After looking for a bug in my code for a while I realized that this date is when the DST takes place. Then I came to this SO page...
...but the suggested solutions was an overkill for what I needed or they had other disadvantages. I am not very worried about not being able to distinguish between ambiguous timestamps.
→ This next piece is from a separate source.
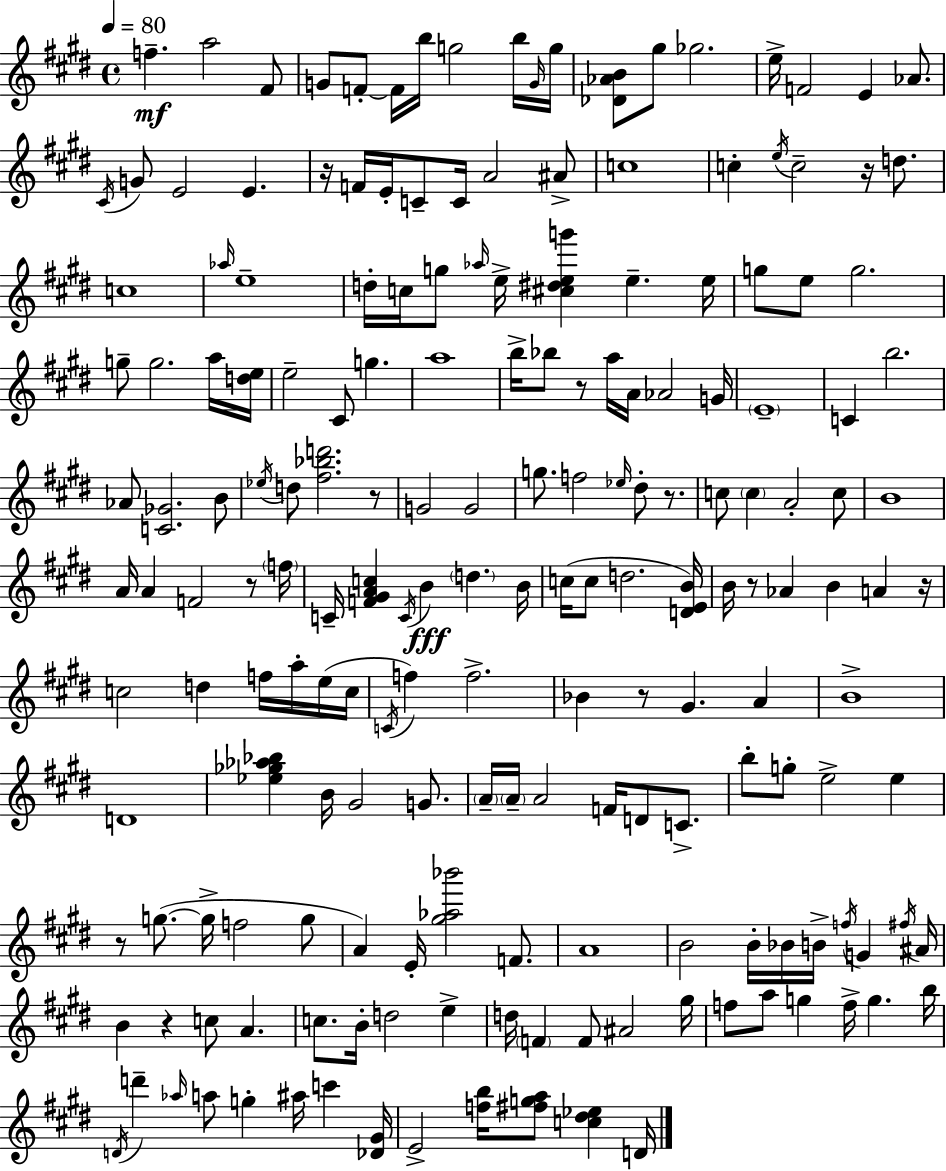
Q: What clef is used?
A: treble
I just need to count and display records per days.
First, I retrieve the date range:
SELECT
DATE(MIN(created_timestamp)) AS min_date,
DATE(MAX(created_timestamp)) AS max_date
FROM page_display_log
WHERE item_id = :item_id
Then, in a for loop, starting with min_date, ending with max_date, by step of one day (60*60*24), I'm retrieving the counts:
for( $day = $min_date_timestamp; $day <= $max_date_timestamp; $day += 60 * 60 * 24 ) {
$query = "
SELECT COUNT(*) AS count_per_day
FROM page_display_log
WHERE
item_id = :item_id AND
(
created_timestamp BETWEEN
'" . date( "Y-m-d 00:00:00", $day ) . "' AND
'" . date( "Y-m-d 23:59:59", $day ) . "'
)
";
//execute query and do stuff with the result
}
My final and quick solution to my problem was this:
$min_date_timestamp += 60 * 60 * 2; // To avoid DST problems
for( $day = $min_date_timestamp; $day <= $max_da.....
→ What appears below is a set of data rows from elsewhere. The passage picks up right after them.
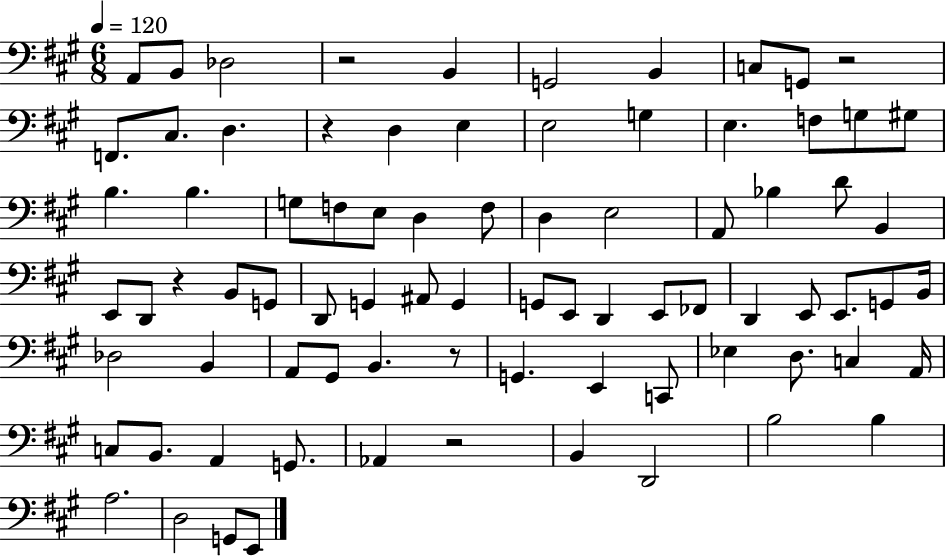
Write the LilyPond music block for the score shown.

{
  \clef bass
  \numericTimeSignature
  \time 6/8
  \key a \major
  \tempo 4 = 120
  a,8 b,8 des2 | r2 b,4 | g,2 b,4 | c8 g,8 r2 | \break f,8. cis8. d4. | r4 d4 e4 | e2 g4 | e4. f8 g8 gis8 | \break b4. b4. | g8 f8 e8 d4 f8 | d4 e2 | a,8 bes4 d'8 b,4 | \break e,8 d,8 r4 b,8 g,8 | d,8 g,4 ais,8 g,4 | g,8 e,8 d,4 e,8 fes,8 | d,4 e,8 e,8. g,8 b,16 | \break des2 b,4 | a,8 gis,8 b,4. r8 | g,4. e,4 c,8 | ees4 d8. c4 a,16 | \break c8 b,8. a,4 g,8. | aes,4 r2 | b,4 d,2 | b2 b4 | \break a2. | d2 g,8 e,8 | \bar "|."
}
So I am not staring the loop in the beginning of the day, but two hours later. The day is still the same, and I am still retrieving correct counts, since I explicitly ask the database for records between 00:00:00 and 23:59:59 of the day, regardless of the actual time of the timestamp. And when the time jumps by one hour, I am still in the correct day.
Note: I know this is 5 year old thread, and I know this is not an answer to OPs question, but it might help people like me who encountered this page looking for solution to the problem I described.